El euro es la moneda de 13 países y no una nueva denominación del marco alemán. El miedo a una continuación de la llamada zona marco, en la que la moneda más fuerte actuaba de cabeza de la serpiente monetaria europea, ha quedado desmentido por los hechos. El Banco Central Europeo no es el Bundesbank y el euro no es un disfraz del marco. La renuncia de Alemania a su soberanía monetaria es el precio contante y sonante con el que Berlín ha pagado por el apoyo a la unificación.
La extrema derecha nacionalista tampoco ha renacido ni lo ha hecho el racismo xenófobo y antisemita, como los agoreros más truculentos se empeñaban en profetizar. Hubo en los primeros años algunos incidentes, a veces trágicos y con víctimas mortales, con trabajadores extranjeros, pero no en mayor medida, quizás incluso menos, de lo que se registran en otros países. Tampoco ha habido resurgimiento alguno del militarismo como fruto de la unificación y de la salida de las tropas soviéticas. El Ejército alemán ha participado por primera vez en misiones en el extranjero, fruto de una decisión tomada por un Gobierno rojo y verde, con un ministro de Exteriores como Joschka Fischer al frente, primero en los Balcanes y ahora en Afganistán. Y no ha pasado nada.
Los sucesivos Gobiernos alemanes se han entregado con toda franqueza a la construcción europea y no han sido ellos, sino sus vecinos holandeses, franceses, irlandeses, polacos y por supuesto británicos, quienes han aprovechado las sucesivas reformas para poner obstáculos y barrer hacia casa. Se ha notado, es cierto, un repliegue nacionalista en toda Europa, pero no ha sido obra de los alemanes, sino de los socios de siempre. Alemania ha sido un jugador leal y europeísta en un momento de depresión y desaceleración en la construcción europea.

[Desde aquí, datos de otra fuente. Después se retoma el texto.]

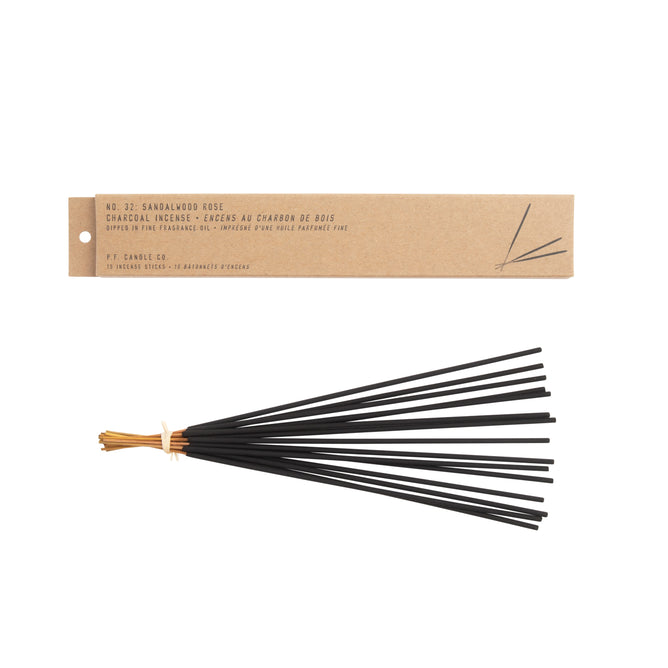 A bundle of black incense sticks tied with a tan string is shown below a brown rectangular box labeled “No. 22: Sandalwood Rose” charcoal incense. The packaging features minimalist black text and simple stick illustrations.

La ampliación, con la que los británicos buscaban diluir la UE, ha sido muy interesante para Alemania, pero por razones sobre todo económicas. La lengua alemana y la influencia cultural han menguado en todo el centro de Europa, pero no las inversiones ni el comercio. Una razón adicional para desmentir los temores de quienes blandían los espantajos del hegemonismo y del expansionismo.
La capitalidad de Berlín, que también fue esgrimida en algún momento como alguna forma de inconveniente, ha enriquecido a toda Europa, que cuenta con un nuevo centro cultural y político de enorme dinamismo y extiende así la influencia europea hacia el profundo Este europeo. En la urbe prusiana repite mandato Angela Merkel, hija directa de la unificación y la primera mujer que preside un Gobierno alemán. Todo contribuye a que los 20 años de la Alemania unida sean un motivo de alegría y de esperanza para todos los europeos.